OPINIóN
Actualizado 12/01/2015
Francisco López Celador

El atentado terrorista de los yihadistas franceses en Paris debe sacudir las conciencias del mundo occidental. No por esperado y repetido puede tomarse a la ligera el avance de un  falso radicalismo religioso, a cargo de una fracción islámica empeñada en someter al resto del mundo, a base de sangre y barbarie. Ya no se puede hablar de cuatro locos que, como quijotes, se lanzan a luchar contra molinos de viento. Estamos hablando de asesinos sin escrúpulos, hábilmente manejados por falsos cabecillas radicales y perfectamente instruidos en campos de entrenamiento donde no faltan medios ni técnicas modernas.

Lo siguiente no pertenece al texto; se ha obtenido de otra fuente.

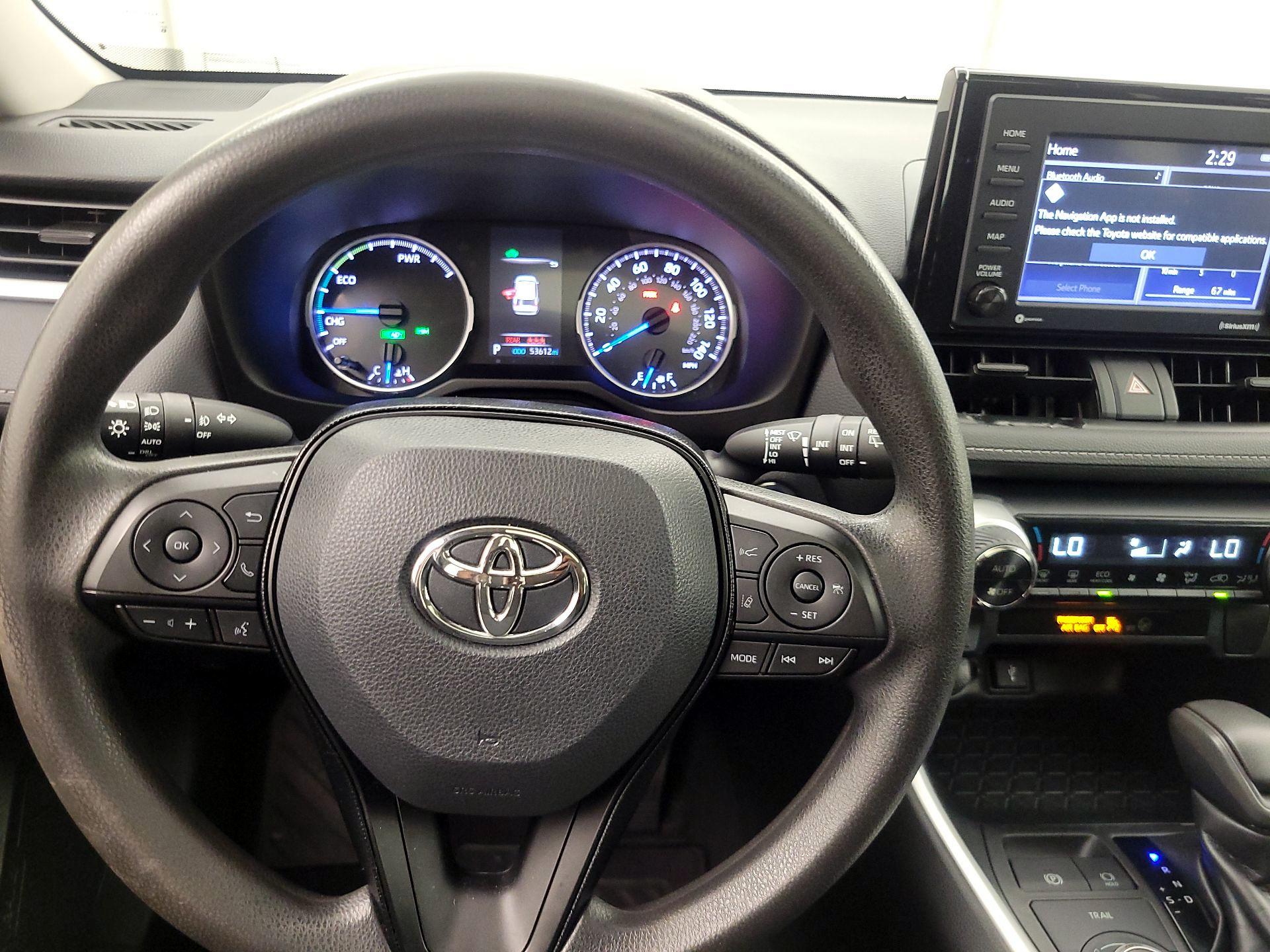 Thumbnail: 2020 Toyota RAV4 - 10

Con frecuencia se apunta como solución del problema volver a implantar la pena de muerte allí donde actúen estos terroristas. Yo pienso que, quienes están dispuestos a inmolarse para causar una masacre, poco miedo le tienen a la muerte. Es más, el llamado Estado Islámico ha resistido impávido el enfrentamiento armado a una agrupación de más de 60 potencias occidentales y? ahí siguen. Resulta evidente que el tratamiento dado a este problema no es el más adecuado. Posiblemente la solución del problema no puede ser inmediata, pero los pasos que se den deben ser definitivos. Para empezar, los efectos de esta verdadera guerra ya afectan a todo el mundo, tal vez porque no se ha tomado en serio hasta ahora.

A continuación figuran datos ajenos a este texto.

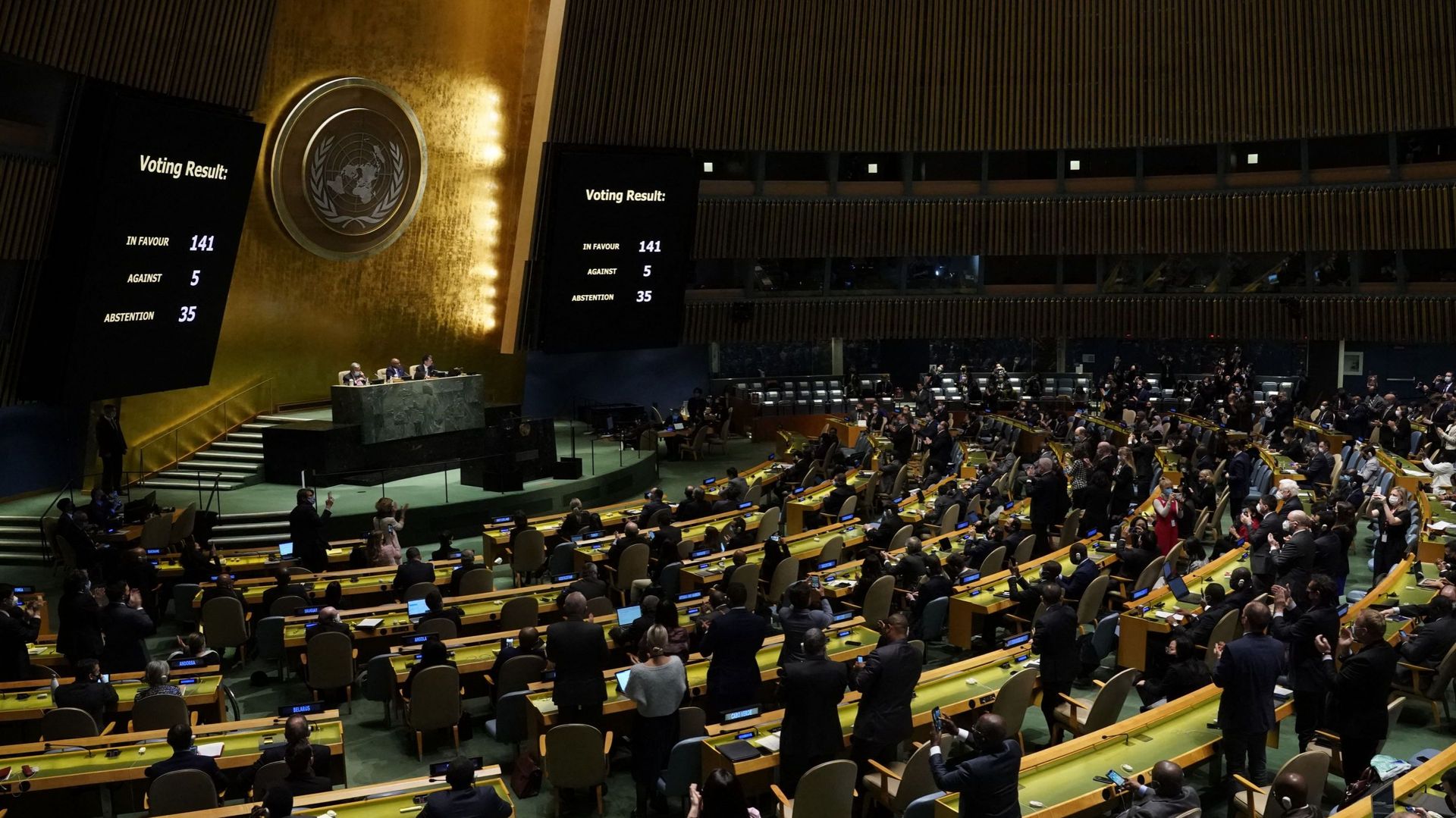 Des délégués applaudissent lors de la session d’urgence de l’Assemblée générale de l’ONU à New York après l’adoption d’une résolution condamnant l’invasion russe en Ukraine.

Los países, como España, con un nada despreciable censo de islamistas, por no querer aparecer ante las demás naciones como transgresores de los derechos humanos, han ido cediendo parte de su soberanía, permitiendo unas costumbres y modos de vida que, en ningún caso, han tenido reciprocidad a la hora de permitir a los occidentales desarrollar los suyos en países islámicos. En algún caso concreto, no sólo se han impedido estos usos sino que se ha perseguido y masacrado a quien no acepta lo que manda el Corán. Así pues, el primer paso está en manos de los responsables políticos del mundo musulmán, que estén de acuerdo con el no empleo de la violencia como medio de reivindicación, y que dediquen todo su empeño a perseguir a esas bandas armadas hasta su completa aniquilación. No puede existir progresismo compatible con la violencia y el crimen.


Como, mientras no se demuestre lo contrario, las guerras se ganan ocupando el campo de batalla, será imprescindible el concurso de todas las potencias empeñadas en acabar con el integrismo criminal. Para ello es preciso abandonar la tibieza y las medias tintas. O se está en contra del terrorismo, o se le tolera. Seguramente nos costará más lágrimas, pero así no podemos continuar. Los minutos de silencio son edificantes, pero no suficientes. Habría que tomar nota de políticos, como los franceses, que aparcan sus diferencias políticas y, unidos ante la opinión pública, procuran no utilizar los cadáveres aún calientes de las víctimas para arañar votos al contrario.